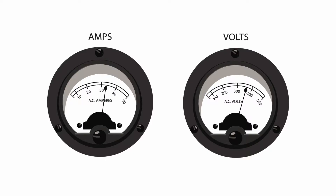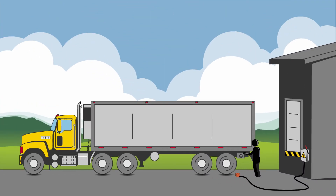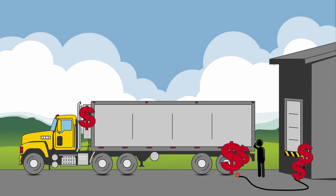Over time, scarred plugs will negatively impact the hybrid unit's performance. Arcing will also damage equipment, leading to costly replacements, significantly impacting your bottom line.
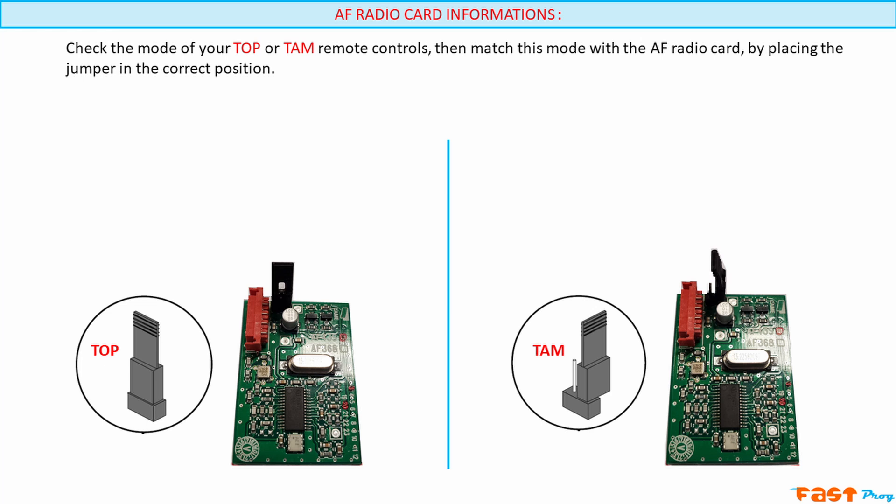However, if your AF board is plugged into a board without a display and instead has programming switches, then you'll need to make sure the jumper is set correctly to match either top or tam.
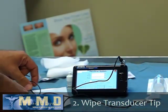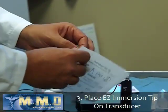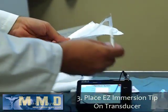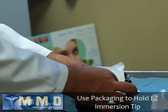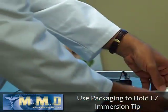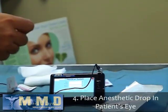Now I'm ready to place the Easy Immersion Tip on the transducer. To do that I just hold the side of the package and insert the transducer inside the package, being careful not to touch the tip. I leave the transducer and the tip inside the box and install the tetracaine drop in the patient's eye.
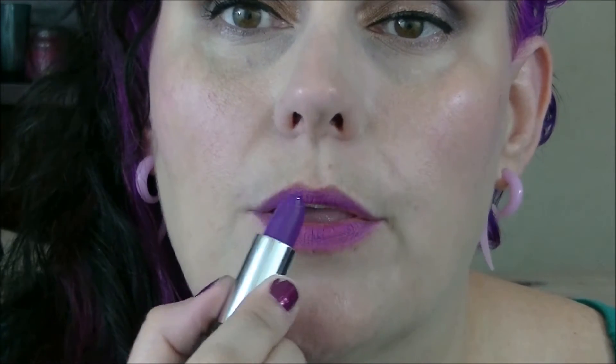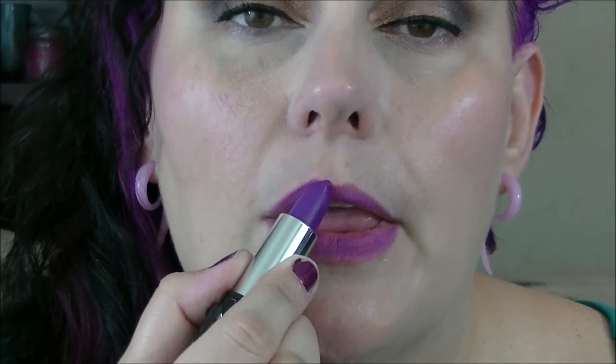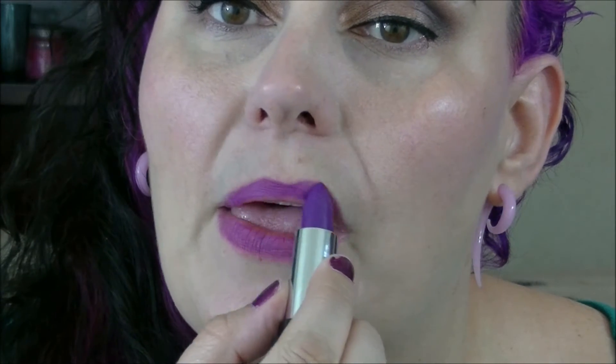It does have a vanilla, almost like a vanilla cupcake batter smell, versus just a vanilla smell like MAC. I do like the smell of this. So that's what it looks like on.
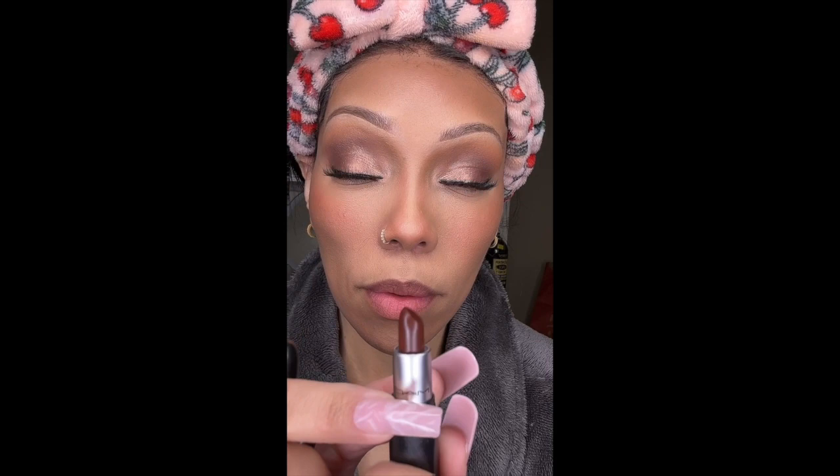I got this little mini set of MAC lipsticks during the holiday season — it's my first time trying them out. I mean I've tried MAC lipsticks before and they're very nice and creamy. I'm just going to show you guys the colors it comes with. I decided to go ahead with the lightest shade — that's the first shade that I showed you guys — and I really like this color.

* [ABOUT THIS TASK]: Please print each of the records word for word, keeping the pictures out.

* [RESULT FOR THIS TASK]:
Over time, scarred plugs will negatively impact the hybrid unit's performance. Arcing will also damage equipment, leading to costly replacements, significantly impacting your bottom line.
However, if your AF board is plugged into a board without a display and instead has programming switches, then you'll need to make sure the jumper is set correctly to match either top or tam.
Now I'm ready to place the Easy Immersion Tip on the transducer. To do that I just hold the side of the package and insert the transducer inside the package, being careful not to touch the tip. I leave the transducer and the tip inside the box and install the tetracaine drop in the patient's eye.
It does have a vanilla, almost like a vanilla cupcake batter smell, versus just a vanilla smell like MAC. I do like the smell of this. So that's what it looks like on.
I got this little mini set of MAC lipsticks during the holiday season — it's my first time trying them out. I mean I've tried MAC lipsticks before and they're very nice and creamy. I'm just going to show you guys the colors it comes with. I decided to go ahead with the lightest shade — that's the first shade that I showed you guys — and I really like this color.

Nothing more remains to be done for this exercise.